Once the line holding "CKB130068 | CHRIS KRUGELL BLOEMENDAL" appears, repeat it and each line after it to the end of the data, exactly and with nothing else; pictures stay out.

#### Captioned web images

* * * * *

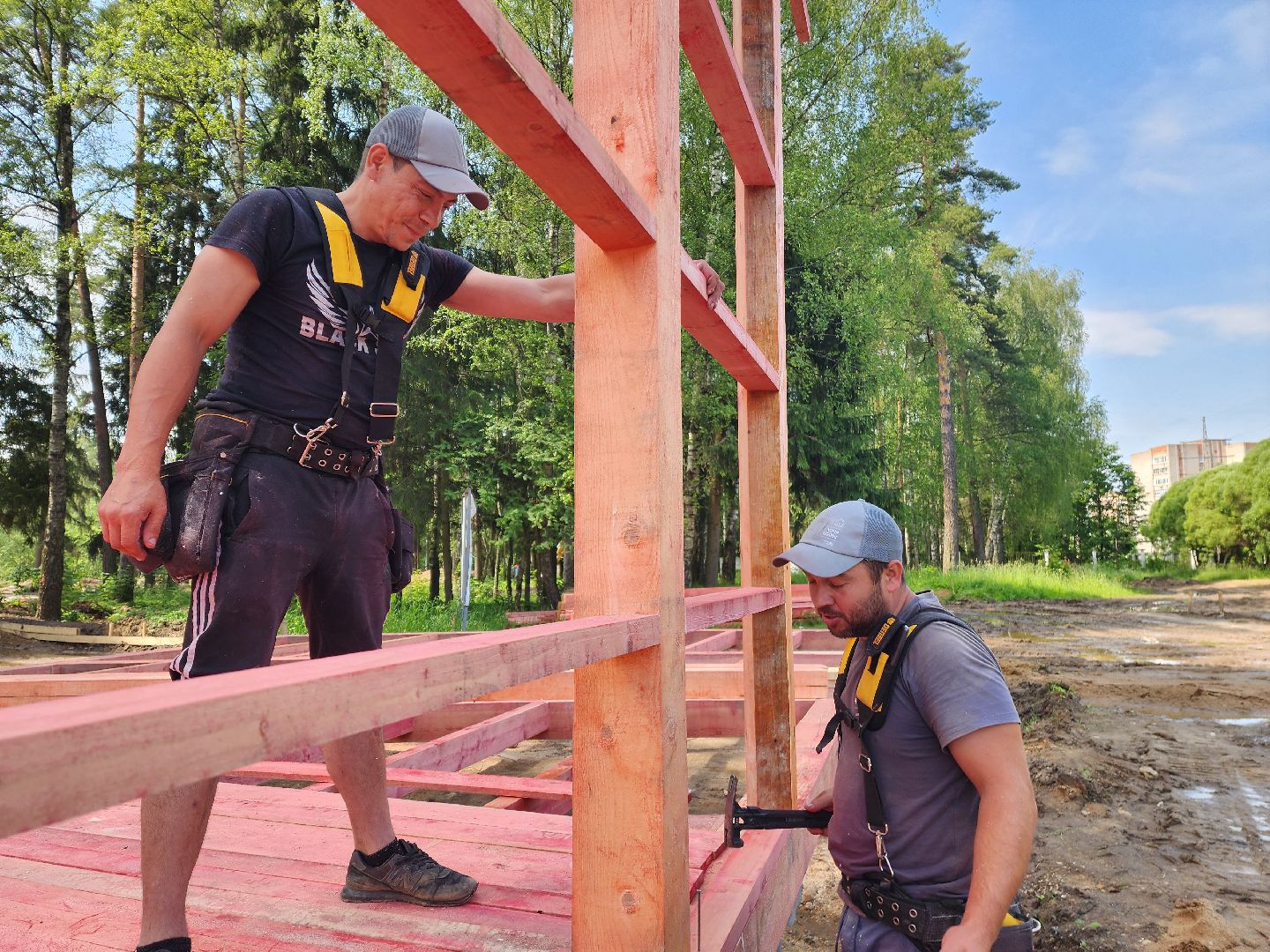 красноармейск, городской округ пушкинский, банный лес, лесопарк,
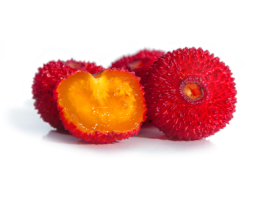 corbezzoli biologici frutto vendita online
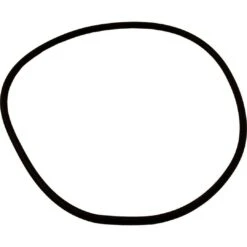 Sta-Rite - Seal Plate O-Ring U9-373 For Sta-Rite DynaGlas
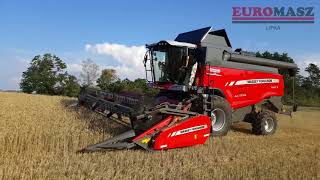 Massey Ferguson Activa 7347 S - Żniwa 2018 - Euromasz Lipka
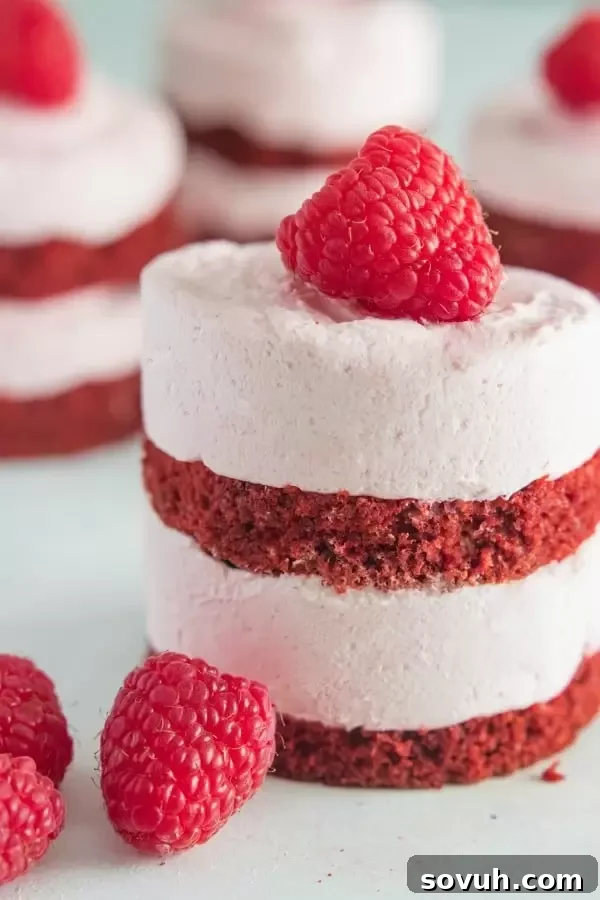 Close up of the three layers of a Raspberry Mousse Red Velvet Cake. Thick layers of raspberry mousse filling in between thin layers of red velvet cake.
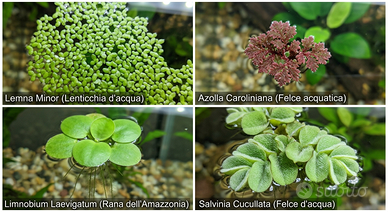 🌿  Mix Piante Galleggianti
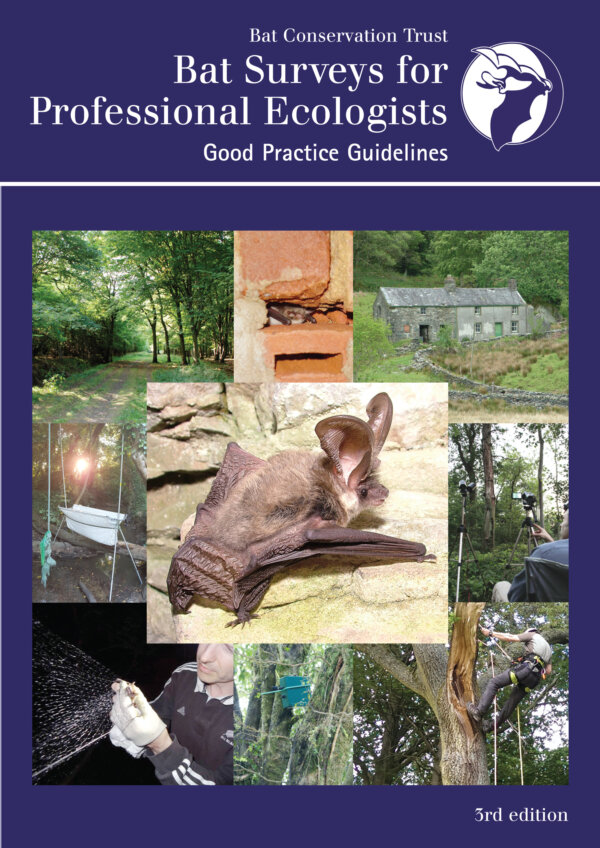 Updated guidance for use of night vision aids for bat surveys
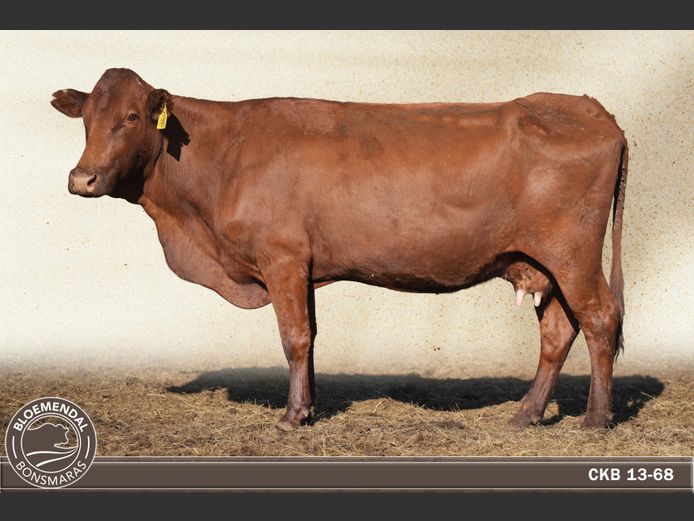 CKB130068 | CHRIS KRUGELL BLOEMENDAL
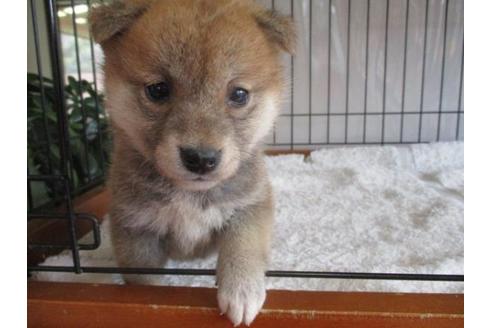 成約済の岡山県の柴犬-64359の1枚目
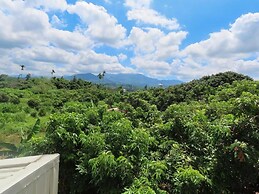 Xiangyang Tianyuan Ju Homestay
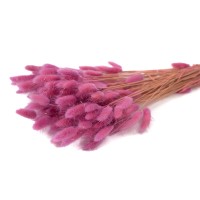 PHOCEALYS │Lagurus sec │vente aux pros│Grossiste en fleurs séchées
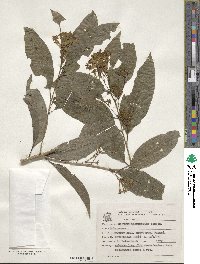 Image of Cestrum intermedium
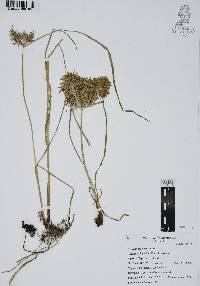 Cyperus spectabilis image
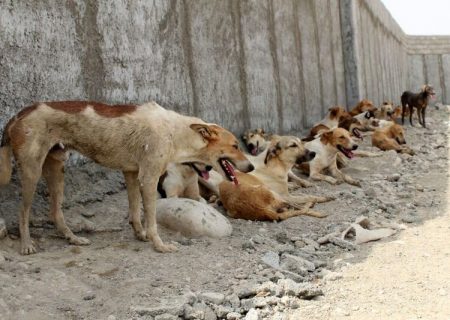 پرسه ۴۰۰ هزار سگ ولگرد در استان تهران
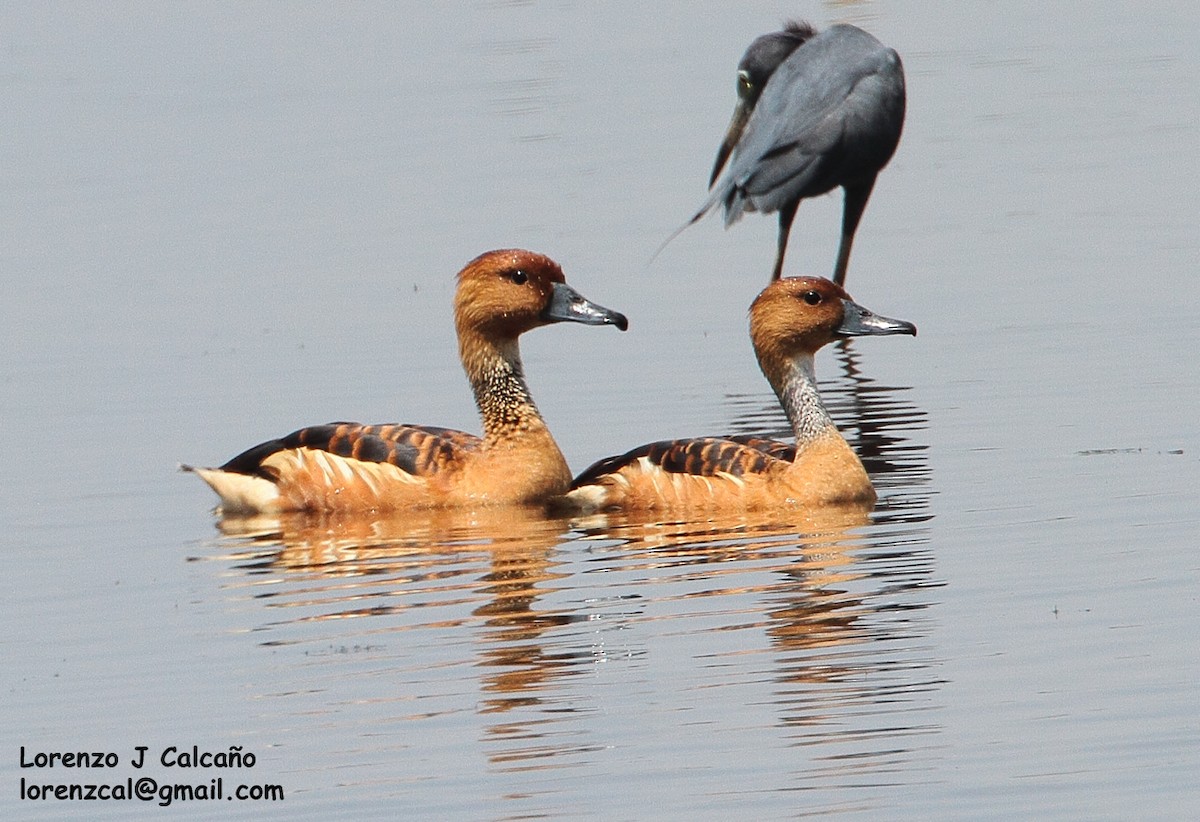 Fulvous Whistling-Duck - ML188153221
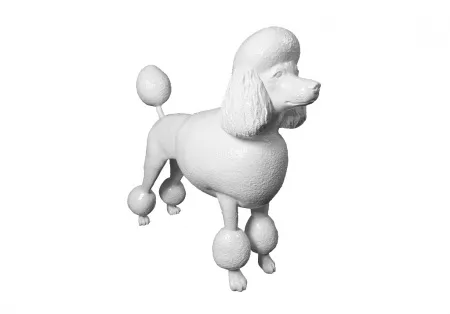 Манекен пуделя \ Dog-011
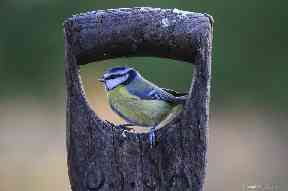 The acrobatic and cheeky blue tit.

* * * * *

#### Solution to this exercise
 CKB130068 | CHRIS KRUGELL BLOEMENDAL
 成約済の岡山県の柴犬-64359の1枚目
 Xiangyang Tianyuan Ju Homestay
 PHOCEALYS │Lagurus sec │vente aux pros│Grossiste en fleurs séchées
 Image of Cestrum intermedium
 Cyperus spectabilis image
 پرسه ۴۰۰ هزار سگ ولگرد در استان تهران
 Fulvous Whistling-Duck - ML188153221
 Манекен пуделя \ Dog-011
 The acrobatic and cheeky blue tit.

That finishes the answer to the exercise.